# Anyone run coopers???



## KyleGT05usmc (Feb 28, 2009)

My old car, a 97 z28 (~300hp) I ran the Cooper ZPTs, 245/50-16, went through 2 sets of them. They were also amazingly priced, I paid about 90 a pop.

They handle great, even as tread wear sets in. They put power to motion very well, you had to intend to break traction to do so, and handled great in corners dry and wet. They lasted a very long time, without losing much as the tire got older.

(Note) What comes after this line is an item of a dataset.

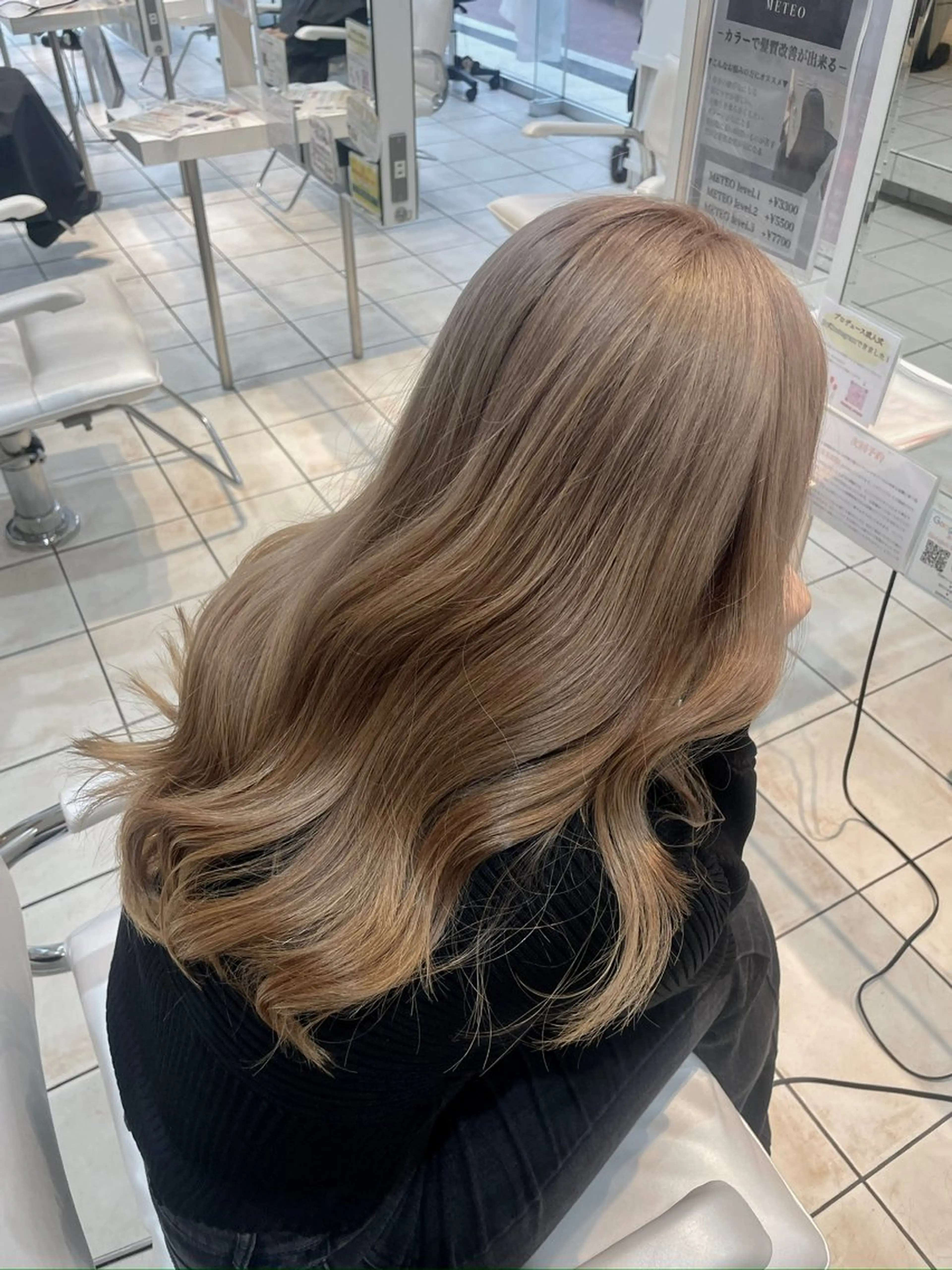 ロング カラー ベージュカラー ヘアカラー ブリーチ/ヘアセット 【𝙍𝙞𝙣𝙤】のヘアスタイル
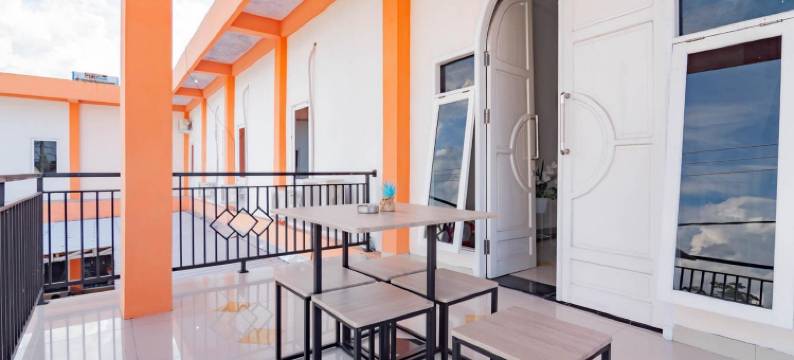 红门优选酒店-帕朗卡拉亚大环岛-由红门酒店管理(Urbanview Hotel Bundaran Besar Palangkaraya by RedDoorz)图片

Wondering if anyone is running these on their GTO w/o wild horsepower? Ive been reading a lot of reviews and it seems BFGs totally suck, Kuhmo/Yoko etc seem like theyre great for corners but cant handle the big power of V8s, more a ricer tire

Gonna try these on the GTO unless someone steers me in a different direction??


----------



## EVL GOAT (Feb 1, 2009)

I had a set of there zions on my supercharged mountaineer. Even though I raised total hell in that truck the tires hardly wore. For the price vs the look and performance of them they are amazing in my opinion.


----------



## KyleGT05usmc (Feb 28, 2009)

sounds familiar. 

just odd that no one really mentions coopers, and you can't find them on your bigtime tire sources like tirerack...


----------